Benoît’s style could not be more different from that of Jean-Paul or François. Not a globe-trotting media darling or a populist, Benedict was a teacher, theologian and academic at heart: calm and pensive with a fierce wit. He spoke in paragraphs, not in sound bites. He had a soft spot for the orange Fanta as well as his beloved library; when he was elected pope, he had his entire study moved – as it was – from his apartment just outside the Vatican walls into the Apostolic Palace. The books followed him to his retirement home.

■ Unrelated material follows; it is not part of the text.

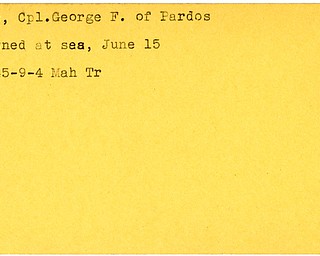 World War II, Vindicator, George F. Rowe, Pardos, drowned at sea, 1945, Mahoning, Trumbull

“In them are all my advisers,” he said of his books in the 2010 “Light of the World” interview. “I know every nook and cranny, and everything has its story.”

It was Benedict’s devotion to history and tradition that endeared him to members of the traditionalist wing of the Catholic Church. For them, Benedict remained even in retirement a beacon of nostalgia for the Orthodoxy and Latin Mass of their youth – and the pope they much preferred to Francis.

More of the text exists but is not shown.